そして父になる

2013年09月27日

 カンヌ国際映画祭、審査員賞受賞、福山雅治氏のカンヌ登場も話題になった、是枝裕和最新作。産院での赤ちゃん取り違え事件を背景に、親子をつなぐものは血縁?過ごした時間?永遠に解けない問いに向かい合う。

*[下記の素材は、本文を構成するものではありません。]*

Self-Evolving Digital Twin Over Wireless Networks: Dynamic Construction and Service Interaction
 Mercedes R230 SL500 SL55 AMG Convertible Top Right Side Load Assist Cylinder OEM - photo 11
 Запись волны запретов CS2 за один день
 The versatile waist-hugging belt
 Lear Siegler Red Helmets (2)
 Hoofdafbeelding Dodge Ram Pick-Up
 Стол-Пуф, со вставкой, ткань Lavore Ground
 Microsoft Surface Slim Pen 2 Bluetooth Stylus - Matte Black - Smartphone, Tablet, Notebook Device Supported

 福山氏演じる主人公は建設会社のエリート社員。都心の高層マンションに住み、人生において負けたことはないと自負しているような男だ。ある日、6歳になった息子が、出産時産院で取り違えられた他人の子であることが判明する。相手家族に会ってみれば、地方都市で小さな電器店を経営するエリートとはほど遠い家庭。産院側によると、こういうケースではほぼ100%そこに落ち着くという、子供の交換に向けた日々が始まるのだが・・・。
 是枝作品初じゃないかとも思える、何とも嫌な性格の人間が主人公。努力すれば何でも手に入る、結果を残せない奴に価値はない、とはっきり考えている。幼い息子に対しても同様に考え、気が弱く人と争わない息子が本当の子ではないと分かった時、「やっぱりな・・・」と無意識に口にしてしまうほどだ。こんな人間を中心に描かれる物語なので、終始暗鬱な気持ちになってしまう。ただでさえ難しい子供の交換が、余計に苦しくしんどく。とはいえ、こんな人間だからこそ、人生で初めて、今までしてきたような努力ではどうにもならない試練に直面する様を深く掘り下げることにつながっている。
 いつもながら、演じていると見せない子供たちの演出は出色だ。実の子役の少年は関西出身らしく関西弁が出るのだが、関東地方都市在住の設定で違和感が出ないように、育ての親役リリー・フランキーにちゃんと関西訛りを喋らせるという丁寧さに感心する。
 優しく従順な育ての子に比べ、やんちゃな実の子に辟易しつつも、その我の強さに自らの血を見るように頼もしく感じてしまう心理。血はつながらないけれど温かく自分を育ててくれた母親に、結婚相手の連れ子と暮らす、取り違え事件を起こした看護師など、周囲に散りばめられた血ではない親子関係の配置も重層的にはたらき、2つの家族はこれからどのような選択をしていくのだろう、と余韻を残す。
 親であること、子であること。血だろうが過ごす時間だろうが、きっと一生をかけて父になり、息子になっていくのだろう。つくりものの物語を見ているというよりは、自分もその当事者となって思わず考えさせられてしまう力をもった作品だ。

HC/神奈川県
年間鑑賞本数170本。生涯のベスト1は17歳で観た「恋する惑星」。昨年「西瓜」が生涯のベスト10に食い込んだ。都会の孤独を映し出す作品に非常なシンパシーを感じる。劇場公開時に必ず足を運ぶ監督はフランソワ・オゾン、塚本晋也。男優の魅力を感じるのは困惑する表情、女優の魅力を感じるのは不機嫌な表情。